70.委員会は、締約国に対し、条約が求めているとおり、少年司法を実施するにさいして自由の剥奪を「最後の手段」としてのみ用いるよう強く促す。この目的で、委員会は、締約国に対し、自由の剥奪に代わる手段を広く用いること、そのような代替的手段を運営するために必要な資源を利用可能とすること、および、非行を行なった少年の社会復帰を増進する目的で少年矯正施設の再編成を行なうことを、促すものである。
71.委員会はまた、締約国に対し、子どもに法的援助を提供すること、および審判前拘禁センターおよび教育収容所を含む拘禁場所の環境を改善することにより、自由を奪われた子どもの権利を保護するための措置をただちにとるようにも促す。
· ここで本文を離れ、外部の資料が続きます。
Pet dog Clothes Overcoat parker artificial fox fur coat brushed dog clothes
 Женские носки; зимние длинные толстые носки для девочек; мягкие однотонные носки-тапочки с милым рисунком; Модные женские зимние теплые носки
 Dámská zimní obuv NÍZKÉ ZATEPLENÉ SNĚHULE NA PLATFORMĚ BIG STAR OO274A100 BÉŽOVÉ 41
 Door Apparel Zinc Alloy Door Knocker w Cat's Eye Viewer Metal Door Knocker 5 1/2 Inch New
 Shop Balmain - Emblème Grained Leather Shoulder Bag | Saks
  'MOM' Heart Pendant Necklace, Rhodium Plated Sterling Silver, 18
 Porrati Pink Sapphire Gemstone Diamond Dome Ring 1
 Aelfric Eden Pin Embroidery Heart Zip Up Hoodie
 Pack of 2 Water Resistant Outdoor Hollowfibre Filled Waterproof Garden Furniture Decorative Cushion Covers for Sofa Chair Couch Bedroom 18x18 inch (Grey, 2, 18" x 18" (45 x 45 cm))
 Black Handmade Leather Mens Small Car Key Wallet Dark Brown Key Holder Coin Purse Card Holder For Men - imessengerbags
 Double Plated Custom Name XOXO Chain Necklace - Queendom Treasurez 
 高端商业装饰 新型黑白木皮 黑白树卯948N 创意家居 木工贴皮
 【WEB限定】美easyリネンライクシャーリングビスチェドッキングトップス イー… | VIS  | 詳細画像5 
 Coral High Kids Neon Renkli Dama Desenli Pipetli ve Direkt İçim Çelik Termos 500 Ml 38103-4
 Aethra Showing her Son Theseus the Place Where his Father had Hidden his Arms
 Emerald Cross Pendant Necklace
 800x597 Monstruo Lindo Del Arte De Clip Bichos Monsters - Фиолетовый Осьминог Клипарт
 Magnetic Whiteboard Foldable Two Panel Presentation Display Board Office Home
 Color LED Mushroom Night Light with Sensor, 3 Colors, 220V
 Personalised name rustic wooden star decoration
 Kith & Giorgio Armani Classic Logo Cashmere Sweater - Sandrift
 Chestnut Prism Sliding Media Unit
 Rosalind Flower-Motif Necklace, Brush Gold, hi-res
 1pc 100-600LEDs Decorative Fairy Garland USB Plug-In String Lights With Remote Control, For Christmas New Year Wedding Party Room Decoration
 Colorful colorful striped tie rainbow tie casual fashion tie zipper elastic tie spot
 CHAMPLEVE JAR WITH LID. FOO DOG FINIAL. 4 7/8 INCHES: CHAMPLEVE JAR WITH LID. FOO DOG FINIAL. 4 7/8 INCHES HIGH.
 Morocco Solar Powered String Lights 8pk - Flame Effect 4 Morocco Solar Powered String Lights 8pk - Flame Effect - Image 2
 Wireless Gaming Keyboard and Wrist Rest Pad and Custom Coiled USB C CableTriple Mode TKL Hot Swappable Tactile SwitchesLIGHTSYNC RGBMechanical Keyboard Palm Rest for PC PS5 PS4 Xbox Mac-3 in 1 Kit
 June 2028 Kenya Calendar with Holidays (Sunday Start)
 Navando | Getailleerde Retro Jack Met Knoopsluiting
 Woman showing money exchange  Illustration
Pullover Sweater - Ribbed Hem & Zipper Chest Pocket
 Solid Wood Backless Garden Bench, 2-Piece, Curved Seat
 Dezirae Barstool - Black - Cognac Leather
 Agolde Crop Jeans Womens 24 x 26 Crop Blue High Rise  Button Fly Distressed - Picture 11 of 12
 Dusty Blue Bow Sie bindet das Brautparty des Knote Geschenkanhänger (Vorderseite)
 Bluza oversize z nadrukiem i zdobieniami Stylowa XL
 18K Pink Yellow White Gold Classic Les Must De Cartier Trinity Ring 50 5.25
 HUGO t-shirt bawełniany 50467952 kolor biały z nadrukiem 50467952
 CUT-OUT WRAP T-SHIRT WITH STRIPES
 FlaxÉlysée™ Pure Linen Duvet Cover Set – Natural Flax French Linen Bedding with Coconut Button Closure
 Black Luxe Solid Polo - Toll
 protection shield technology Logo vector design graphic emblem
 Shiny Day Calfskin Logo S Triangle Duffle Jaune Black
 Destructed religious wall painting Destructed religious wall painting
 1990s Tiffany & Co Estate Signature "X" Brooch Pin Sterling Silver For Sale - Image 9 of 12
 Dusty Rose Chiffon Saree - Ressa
さらに、委員会は、適切な、独立したかつ子どもに優しい苦情申立て機構をNGOと協力して設置すること、権利侵害が認められた場合に時宜を得た対応を行なうこと、および、釈放後に少年が社会に復帰しかつ再統合する援助を行なうためのプログラムを実施することを、勧告するものである。
72.委員会は、締約国が、国際連合少年司法委員会を通じ、少年司法に関してとくに国際連合国際犯罪防止センター、人権高等弁務官事務所、ユニセフおよび国際少年司法ネットワークの国際協力および技術的援助を求めることを検討するよう勧告する。
報告書の普及
73.最後に、条約第44条6項に照らし、委員会は、締約国が提出した第2回定期報告書および文書回答を、関連の会合の議事要録および委員会が採択した総括所見とともに公衆が広く利用できるようにすることを勧告する。そのような幅広い配布は、とくに政府、関連省庁、議会および非政府組織の間で条約およびその実施状況に関する議論および意識を喚起するようなものであるべきである。